By Svea Herbst-Bayliss
(Reuters) – Billionaire hedge fund manager John Paulson has gotten another dose of bad news.
Morgan Stanley had been watching Paulson’s performance for months and prepared for this move when it told advisers last spring to stop putting new money into those funds, advisers with the firm have said.
Since then losses at the Advantage funds have deepened to double digits, and now the company is recommending, but not requiring, that its advisers tell their wealthy clients it is time to turn their backs on the 57-year-old Paulson.
Morgan Stanley declined to comment.
The move, which is expected to shave some $100 million in assets off the $5.7 billion Advantage and Advantage Plus funds, may be more humiliating than truly harmful for Paulson’s $20 billion firm. Paulson, who makes his money betting on events such as mergers and spinoffs, became a market darling after earning billions by betting against the overheated housing market in 2007. He then won big again with his bet on gold.
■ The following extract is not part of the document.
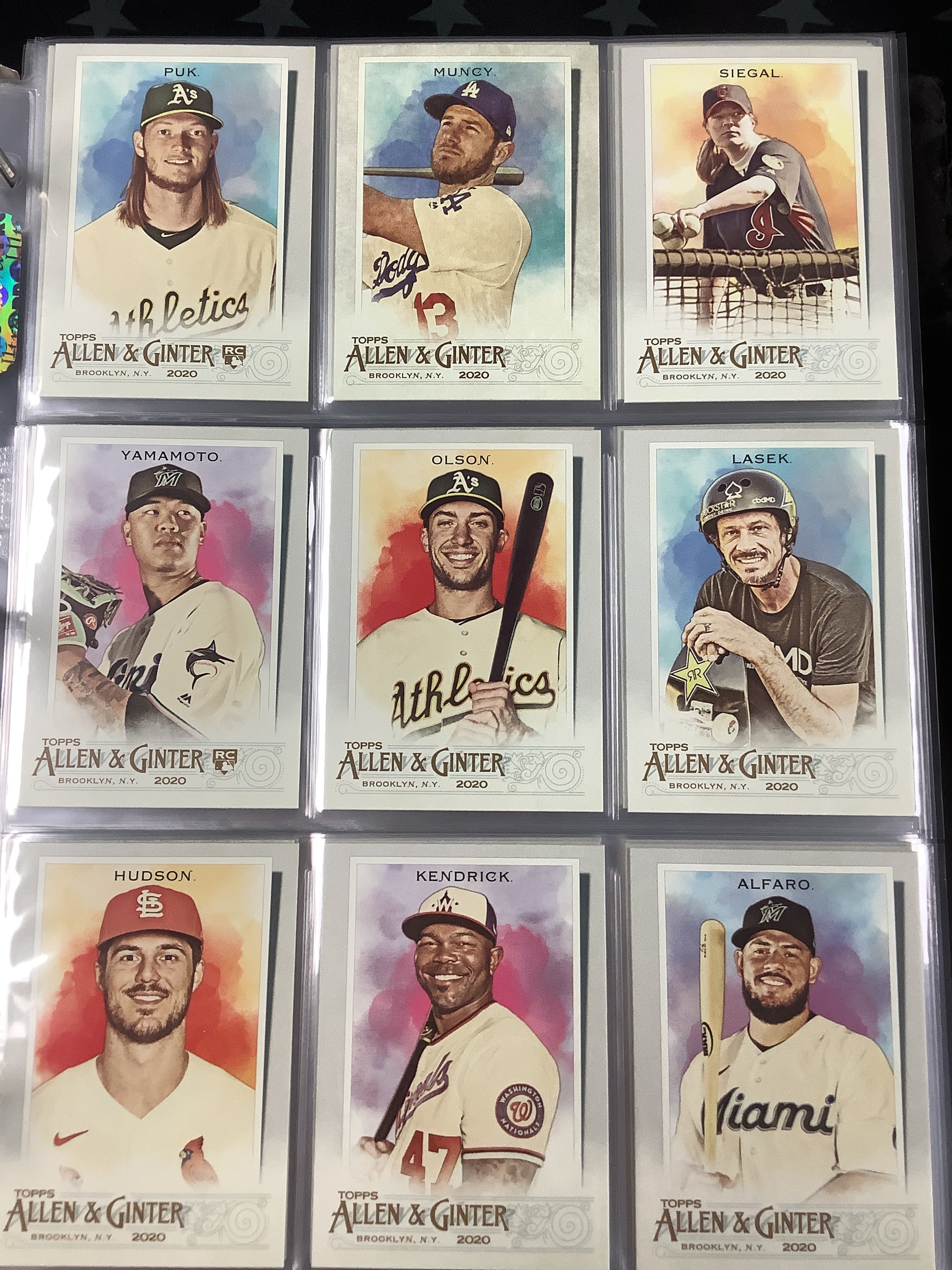 2020 Topps Allen & Ginter Complete Baseball Card Set #1-300 + SP Cards & 5 Insert Sets – Perfect for Collectors, Trading & Display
People familiar with Paulson’s firm said that expected inflows should easily offset the decline next year.
Additionally, Morgan Stanley Smith Barney advisers are still able to put their investors’ money into two other Paulson funds — the Paulson Partners fund, which specializes in merger-arbitrage and is up about 7 percent through November, and the Credit Opportunities fund, which is up about 6 percent through November.
Investors on the Morgan Stanley platform have already asked to pull out about $36 million of the $100 million that is expected to be redeemed, the person familiar with the numbers said.
The move comes only months after Citigroup’s private bank decided to withdraw $410 million. But Bank of America’s Merrill Lynch unit told investors in August that it was sticking by Paulson and had no plans to exit.
Most recently, Paulson’s funds were hurt when gold prices dipped. Losses in Europe, where Paulson had previously bet on a sovereign default that did not occur, also weighed on the funds.